Zephaniah was the first prophetic voice heard in Judah in sixty years.  His ministry spanned the reign of King Josiah, and he spoke to the ups and downs of that good king’s efforts to return God’s people to the way of their Lord.  But the words God gave Zephaniah to deliver mainly focused on the end of history when God would make a fresh start and recreate earth and heaven and people.  Thus, God opens Zephaniah’s book of prophecy with this radical declaration: “I will utterly sweep away everything from the face of the earth, says the Lord.”  On that great day, the mighty warrior who is Lord will come down upon the evildoers to punish them in His justice and come to His faithful remnant to renew them in His love.  He will make them those from whom enemies and judgments have been “taken away” and hence those who “fear disaster no more”.  He will make them “humble and lowly” and thereby people who “shall do no wrong and utter no lies”.

God proclaims to the faithful who “seek refuge” in Him that on that great day it will be an everlasting reality that “the Lord, your God, is in your midst, a warrior who gives victory; he will rejoice over you with gladness, he will renew you in his love; he will exult over you with loud singing.”

Notice that it’s not the people who obtain this victory and bring about this happy state of affairs.  It is the doing of the One beyond them who comes into their midst and makes happen what they never could.

All the faithful have to do is to follow the lead of this God who rejoices in them.  All they have to do, as they wait through their struggles and suffering for the arrival of that great day, is to imitate God and in turn rejoice in Him.  Therefore, God commands them here and now, to “sing aloud, O daughter Zion; shout, O Israel! Rejoice and exult with all your heart, O daughter Jerusalem.”

And we should do the same here and now, as some of our brothers and sisters do every Sunday.

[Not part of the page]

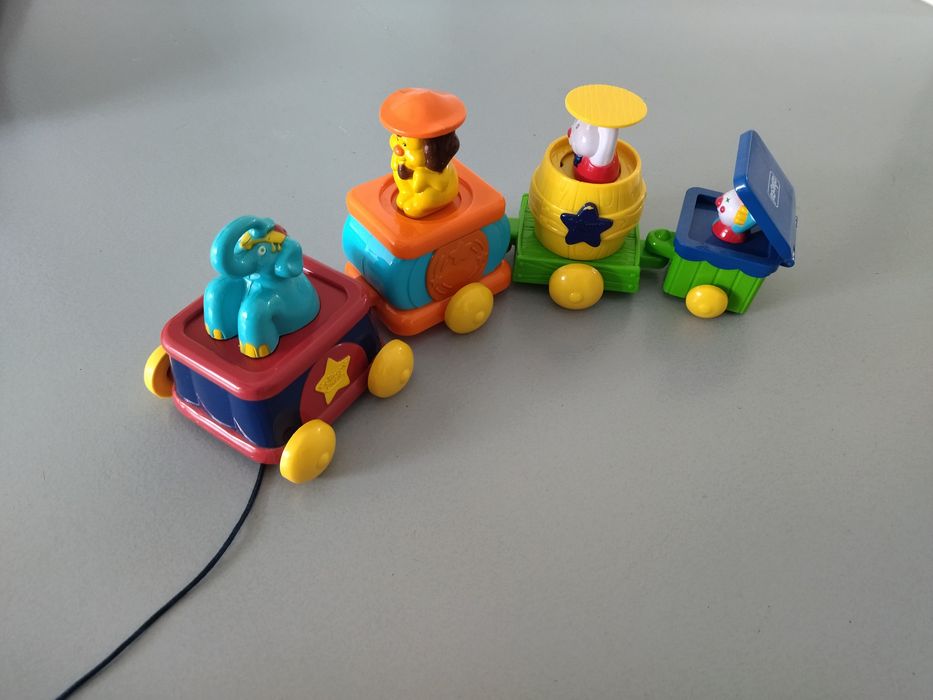 Comboio Chicco empilhável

In a talk entitled “The Sense of an Ending”, Jeremy Begbie tells about attending a worship service in a poor South African township. That week, a house around the corner from the church had been burned to the ground by arsonists seeking payback, a tornado had ripped apart 50 homes and killed five, and a gang had murdered a 14-year-old member of the church Sunday School.

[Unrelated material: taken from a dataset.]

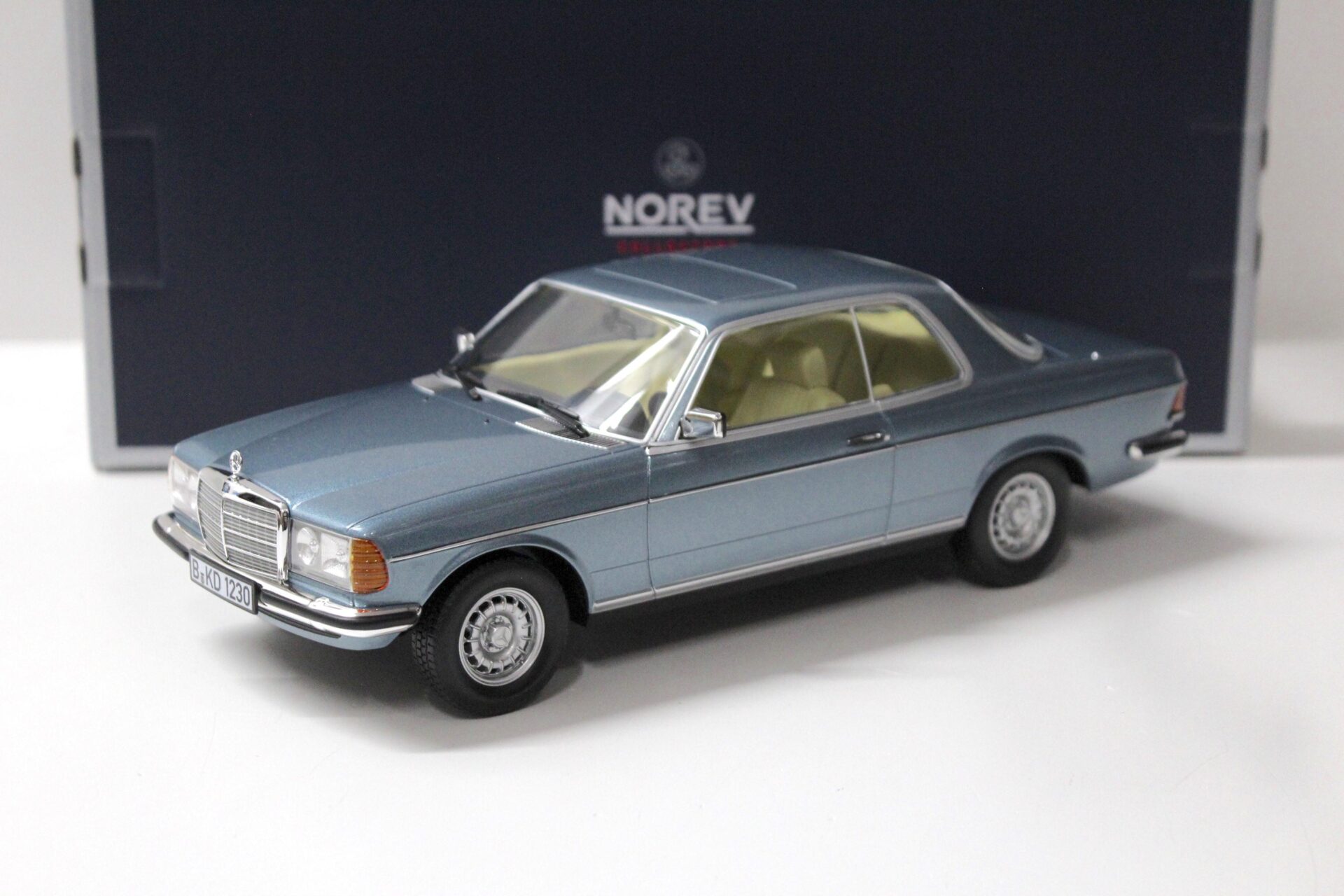 1:18 Norev mercedes 280 CE Coupe 1980 silver-blue metallic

The pastor began his opening prayer, lamenting, “Lord, You are the King.  Why did You let all this happen?  We are ever in the midst of death.”  As he prayed in this vein, the congregation responded to his words with passionate sighing and heart-felt groaning.  Then, once he finished praying, a listening silence fell upon them all, until very gradually everyone began to sing of God’s glory, at first quietly, but then louder and louder.  They sang and shouted and exulted, thanking and praising the God who had, to use Begbee’s words, “plunged into the worst of this world to give us a promise of an ending beyond all imagining.”

And their exalting God’s name with faith, joy, hope and fervor lifted their spirits in defiance of their circumstances and gave them a foretaste of the end of history and their destiny in Christ.  Rejoicing in hope takes thinking about the future but it is fulfilled today by “breathing in the fresh air of that great ending, tasting its spices and sipping the wine of the feast to come.”

Let us, this Sunday at church and on any cold cloudy weekday as well, radiate the joy of believing that there is for us every step of the way uplifting and empowering help from beyond.  For there is in our midst a warrior God who rejoices over us and gives us victory in the end!